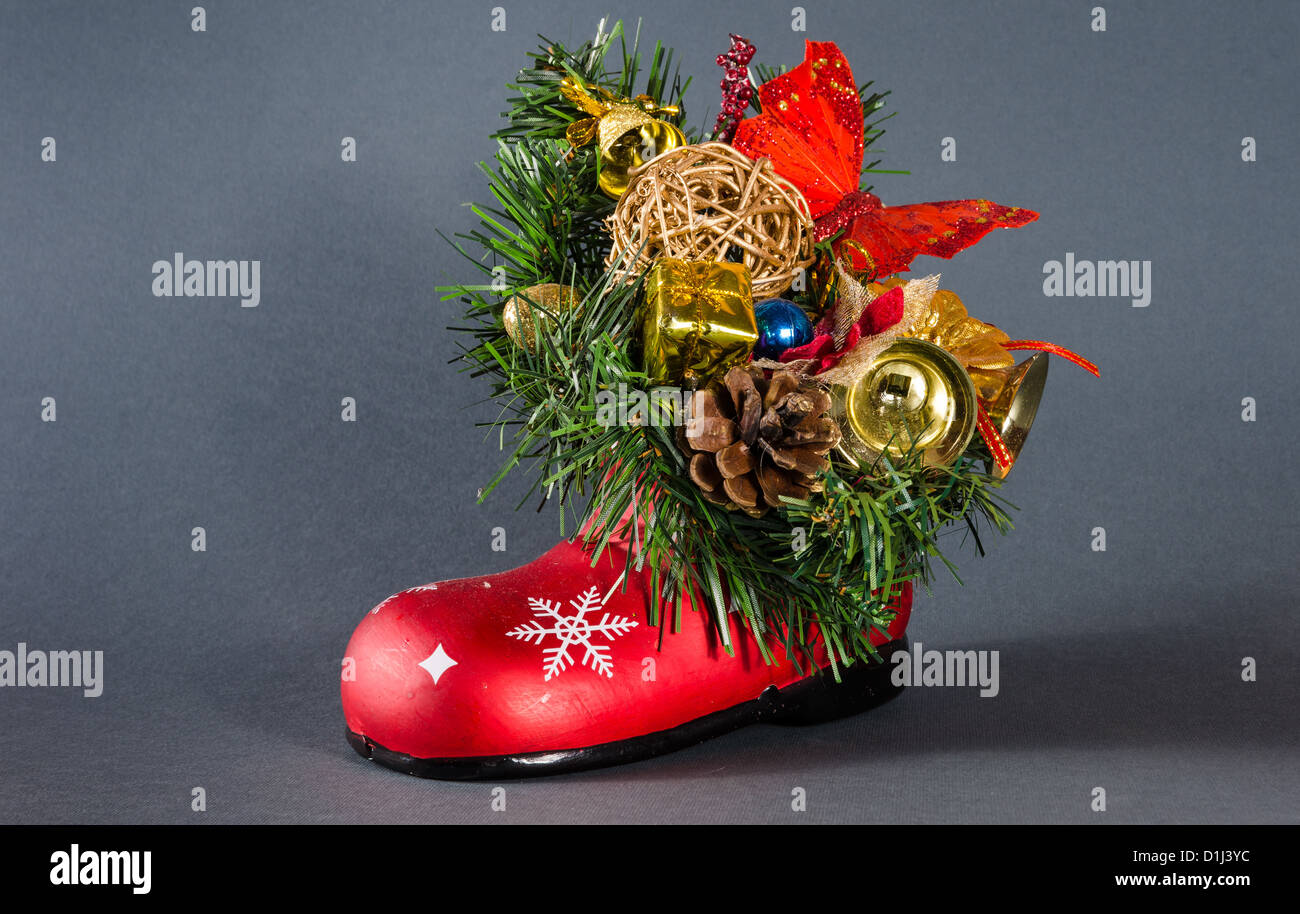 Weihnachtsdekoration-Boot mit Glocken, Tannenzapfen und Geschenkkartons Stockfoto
──────
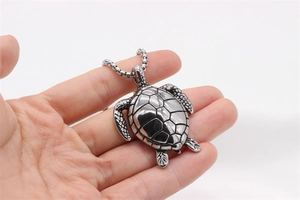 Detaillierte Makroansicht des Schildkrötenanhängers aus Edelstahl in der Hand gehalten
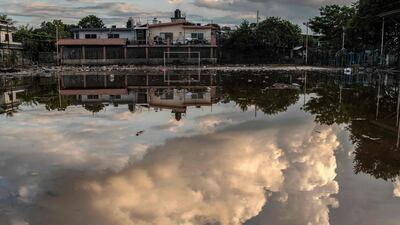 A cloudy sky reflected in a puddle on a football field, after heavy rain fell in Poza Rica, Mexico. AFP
──────
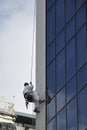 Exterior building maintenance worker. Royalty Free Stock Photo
──────
▸ **What the task asks**: An exact transcription is needed of the lines from the one with "Detaillierte Makroansicht des" to the one with "A cloudy sky" above, both ends included, with pictures left out.

▸ **Answer section**:
 Detaillierte Makroansicht des Schildkrötenanhängers aus Edelstahl in der Hand gehalten
 A cloudy sky reflected in a puddle on a football field, after heavy rain fell in Poza Rica, Mexico. AFP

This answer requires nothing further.